LA CULTURA A dimostrazione del ruolo significativo assunto da questi fagioli nella tradizione locale, a partire dal 1974 Sutri ne festeggia il raccolto con una sagra annuale con un calendario ricco di eventi che spaziano da iniziative a sfondo gastronomico sino a interessanti visite guidate del borgo e delle sue attrazioni più significative e coinvolgenti appuntamenti con il folklore locale.

IN CUCINA Ricchi di proprietà nutritive e particolarmente versatili, i fagioli di Sutri, come le altre varietà del gustoso legume vantano svariati usi in cucina e si rivelano particolarmente adatti ad essere gustati sia da soli come contorno, sia come ingredienti di ricche zuppe o primi piatti e saporiti secondi come gli spezzatini, o i classici fagioli con le cotiche.
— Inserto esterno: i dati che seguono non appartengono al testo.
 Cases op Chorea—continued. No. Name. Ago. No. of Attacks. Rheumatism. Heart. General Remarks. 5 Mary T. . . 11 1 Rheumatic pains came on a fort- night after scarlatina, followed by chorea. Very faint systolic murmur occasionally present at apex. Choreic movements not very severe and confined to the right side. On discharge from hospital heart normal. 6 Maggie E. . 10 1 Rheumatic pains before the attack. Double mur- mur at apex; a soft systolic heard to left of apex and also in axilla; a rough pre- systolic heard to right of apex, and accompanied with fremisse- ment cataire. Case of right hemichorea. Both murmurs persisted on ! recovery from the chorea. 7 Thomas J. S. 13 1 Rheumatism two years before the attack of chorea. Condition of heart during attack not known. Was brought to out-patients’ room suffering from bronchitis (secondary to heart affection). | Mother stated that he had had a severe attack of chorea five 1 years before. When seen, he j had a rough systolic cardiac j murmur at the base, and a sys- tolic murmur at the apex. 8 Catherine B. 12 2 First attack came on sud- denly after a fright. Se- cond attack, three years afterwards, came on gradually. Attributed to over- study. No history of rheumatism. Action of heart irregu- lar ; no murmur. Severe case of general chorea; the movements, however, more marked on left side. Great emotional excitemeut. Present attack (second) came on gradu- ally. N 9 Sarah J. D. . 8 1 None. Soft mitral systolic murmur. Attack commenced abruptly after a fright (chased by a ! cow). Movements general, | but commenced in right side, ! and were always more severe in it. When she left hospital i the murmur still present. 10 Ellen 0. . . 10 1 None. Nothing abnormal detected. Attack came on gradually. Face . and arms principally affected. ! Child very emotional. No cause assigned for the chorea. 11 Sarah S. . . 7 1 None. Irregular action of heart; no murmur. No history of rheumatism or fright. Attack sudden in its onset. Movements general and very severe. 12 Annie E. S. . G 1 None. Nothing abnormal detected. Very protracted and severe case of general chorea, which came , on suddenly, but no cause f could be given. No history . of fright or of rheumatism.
La ricetta: Fagioli di Sutri alla ghiottona. Ingredienti: Fagioli di Sutri, cipolla, olio extravergine di oliva, salsicce di maiale, passata di pomodoro, peperoncino, pane casereccio. Lasciare a bagno i fagioli per dodici ore. Fate rosolare la cipolla in un tegame con un filo di olio di olio extravergine di oliva ed aggiungete un pizzico di peperoncino e la salsiccia sbriciolata. Aggiungete, quindi, anche i fagioli e della passata di pomodoro e mescolate sino a che la salsa non risulti ben densa. Servita in tavola assieme a croccanti crostoni di pane casereccio.

Altre ricette:
Cilento: Lagane con i ceci di Cicerale
Guanciale di Vitello dell'Appennino Centrale
Emilia Romagna: Frizòn (Friggione) di Medicina


IL TERRITORIO Abbarbicata su un suggestivo rilievo di tufo, Sutri vanta un passato incredibilmente lungo che, a causa della sua posizione strategica, l'ha vista popolata sin dall'antichità. Pittoresca e ricca di storia, la località del Viterbese regala ai suoi visitatori un significativo concentrato di testimonianze risalenti sia all'epoca etrusca che a quella romana e medievale. Da non perdere il magnifico Anfiteatro romano, risalente al I secolo a.C., interamente scavato nel tufo, la caratteristica necropoli etrusca anch'essa scavata nella roccia, la chiesa rupestre della Madonna del Parto, ricavata da una tomba etrusca di tufo, le mura etrusche, successivamente inglobate in quelle medievali, il bellissimo Duomo costruito sui resti di una basilica romanica oltre alla Porta Franceta, la chiesa della Madonna del Monte, quella della Madonna del Tempio, appartenuta all'Ordine dei Templari, e Villa Staderina con le vicine rovine del castello dove potrebbe aver soggiornato Carlo Magno. Meritano, inoltre, una visita anche la casa che si ritiene sia appartenuta a Dante e la Grotta di Orlando che si dice abbia dato i natali al paladino di Francia.